THE FREEDMEN’S MISSIONS AID SOCIETY.
A Public Meeting in Liverpool.
On the evening of March the 8th, a large congregation came together in the Great George street church (formerly Dr. Raffles), to welcome to Liverpool four colored missionaries, ex-slaves, from Fisk University, and also to bid them farewell on the eve of their departure; under the care of the American Missionary Association, for the Mendi Mission, on the west coast of Africa. The missionaries were very cordially greeted by many of the old, and also the new, friends of the African race.
William Crosfield, J. P., a life-long friend of the oppressed race, presided. After an appropriate hymn, prayer was offered by the Rev. Stanley Rogers. Then the chairman said: “It gives me great pleasure to preside at such a meeting of this society. These missionaries before you are the first-fruits from the Fisk University, which was established at Nashville, Tenn., for the education of those who were freed from slavery by the late Civil War in America. And now, here they are ready for work in that great mission field of Africa. It is a vast field.
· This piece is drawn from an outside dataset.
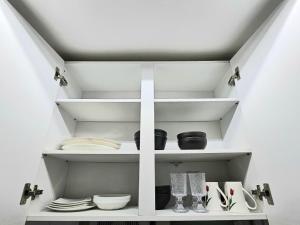 a white shelf with plates and dishes in a kitchen at 윤 작가의 숙소 in Seoul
And it is to be hoped that the British people will do their part in the aid of this most important enterprise. Fisk University was introduced to the English people a few years ago by the Jubilee Singers, who have done wonders towards its support.” The chairman then turned and added: “We must not forget the wives of these young missionaries; we must give them a shake of the hand, as a token of our interest in them.”
The Rev. Dr. O. H. White (one of the secretaries of the Freedmen’s Aid Society), then gave an interesting statement of the origin of the American Missionary Association, of its plan and work for the African race, and of the formation of the Freedmen’s Missions Aid Society, with the Earl of Shaftesbury as President, to be auxiliary to the Association in New York. And he stated that the united societies are now making a special effort to send missionaries from among the freedmen to that dark and long-plundered continent beyond the sea—Africans to teach and to save Africans!
The Rev. Andrew Jackson, one of the missionaries, then spoke, and gave a very interesting account of their call to the work, and of the great increase of the missionary spirit in Fisk University during the year, and of the great self-denial on the part of the colored parents and of pupils, that larger numbers may get an education, and so be prepared for a greater usefulness among their own benighted people.
The chairman then called on the Rev. Hugh Stowell Brown, pastor for many years of the Myrtle street Baptist Church. He stated his great interest in the Jubilee Singers, and in the efforts making to send the Gospel to that long-neglected Africa, which is now so wonderfully opening up to trade and commerce, and especially to Christianity. He expressed his strong hope that these young missionaries would be brought safely to their field of labor, and that they might be greatly successful in their work, and that many more might follow their example, and go forth to that great African field.
Rev. Albert Miller (a true type of the African race), then addressed the meeting, with the warmth and glow peculiar to the sable children of the summer and more genial climes. He spoke of the depressed condition of his people in America, and of the need on that dark continent, to which he and his associates were now going, under the Divine lead. He expressed the desire of his heart that all Christians should pray and give for the evangelization of the benighted millions of Africa.
The Rev. Mr. Pearson, M. A., pastor of the church, next spoke, in the most cordial manner, of his great pleasure in welcoming these young missionaries and the freedmen’s cause to that ancient historic church. He commended the plan for sending educated Africans to that great work to be done in those vast fields, which have proved so fatal to Anglo-Saxon life. He said the British people had special reasons for taking part with the American people in this effort to redeem Africa from the darkness and doom of the past centuries. If the work so well begun was followed up, as it ought to be, the time was not distant when we should see a far better day for that dark continent with its millions of people.
In the absence of the Rev. Mr. Wech, M. A., who was expected to speak, his Elder, John Patterson, Esq., was called to fill the place. He spoke with the pith and pathos characteristic of those from the Emerald Isle. He recalled a little of the past history of Liverpool and contrasted it happily with the present state of things, when so many, from the different denominations of the city, could come together so harmoniously to greet the young missionaries from Fisk University, on their way to the west coast of Africa to teach the knowledge of the Gospel to the benighted of their race.